Kontak konflik dalam keluarga rasanya sudah tak aneh terjadi, bisa dipicu karena "egoisme", "tak ada komunikasi hangat", sampai kepada harta dan tahta.

Sepintas lalu, ini terdengar klise. Memang klise sih, tapi ya ada. Saya sering mendengar konflik dan di saat yang sana ikut untuk menyelesaikannya, yang pasti membenarkan "sikap orangtua" dan selalu "menyalahkan sikap anak" menjadi hal diunggulkan.

Tak masalah kalau orang lain mengalami, tapi bagimana kalau diri sendiri mengalami? 

Akankah tetap setegar bumi?

Sejatinya, manusia itu makhluk yang mempunyai kekurangan dan kelebihan. Dua hal ini sebagai ciri kemanusiaannya. Tak bisa menyanggah kenyataan.

Orangtua pun begitu, sebagaimana manusia ia bisa salah juga benar. Anakpun sama. Maka meletakkan kesalahan hanya kepada anak, bagi saya itu berbahaya.

Dikatakan berbahaya karena ini seumpama api dalam sekam. Tinggal menunggu waktu, kapan saja bisa meledak. Untuk itu, kembali menelaah sikap perlu kiranya digali.

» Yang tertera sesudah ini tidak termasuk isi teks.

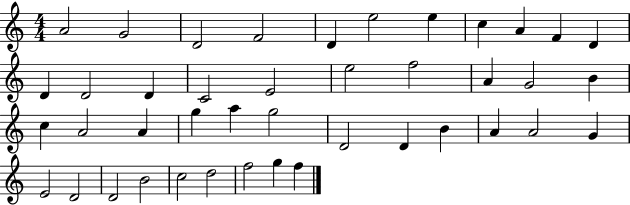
X:1
T:Untitled
M:4/4
L:1/4
K:C
A2 G2 D2 F2 D e2 e c A F D D D2 D C2 E2 e2 f2 A G2 B c A2 A g a g2 D2 D B A A2 G E2 D2 D2 B2 c2 d2 f2 g f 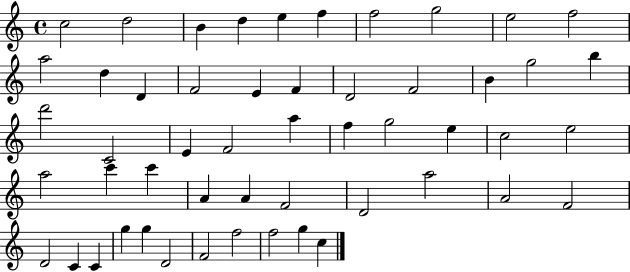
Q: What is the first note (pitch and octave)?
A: C5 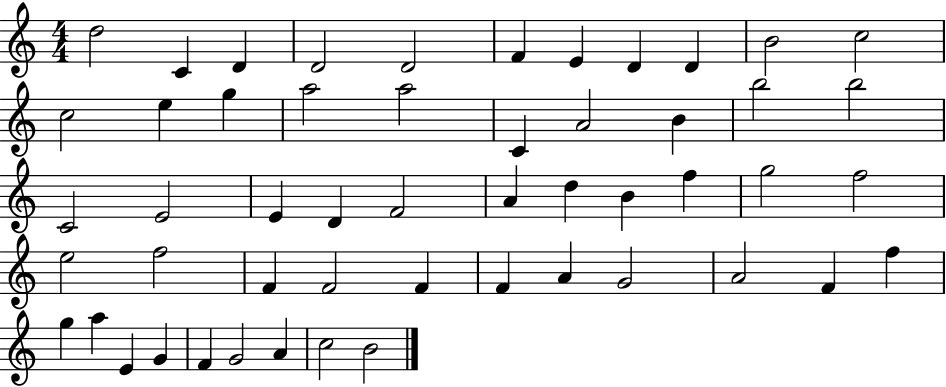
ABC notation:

Kalau kita telaah, kasus kenakalan remaja bisa terjadi, tidak semua muaranya ada pada "anak nakal" itu. Sikap barbar anak biasanya dipicu oleh sikap orangtua yang 'kurang bersahabat" dengan anak.

Bersahabat di sini, bisa jadi karena "tidak memahami keinginan anak" atau "senagaja tidak mau" mengijabah apa yang sepatutnya anak dapat. Alih-alih memahami, yang ada "memaksa" dengan wewenang di miliki.

Tak ayal, anak bak robot. Melaju tanpa ada spirit darinya. Tercebur pada "dunia negatif" menjadi pilihannya. Karena di sana, mereka diberi ruang mengaktualisasikan jati diri secara bebas lagi melegakan. Terlepas, itu baik atau buruk.

Di fase ini, bagi saya ini keprihatinan. Kalau seorang anak bisa disalahkan, maka orangtua mesti pula merasa dan mengakui kesalahan.

Solusi 

Atas kenyataan buruk ini, perlu kiranya membuka sudut pengetahuan. Orangtua tidak lagi mewujud pada "siap otoriter" dan anak tidak berdiam pada "sikap pesimisme".

Keduanya harus membuka dilaog hangat dengan tidak selalu mengedepankan ego diri. Bagaiamana bangunan keluarga bisa tumbuh dari prinsip yang benar, agar kelak melahirkan kualitas anak yang unggul.

Mulai sekarang, kalau serius ingin memperbaiki "konflik keluarga" yang pertama kali perlu dikedepankan ialah sikap legowo. Sikap legowo itu akan menuntun pada harap yang baik. []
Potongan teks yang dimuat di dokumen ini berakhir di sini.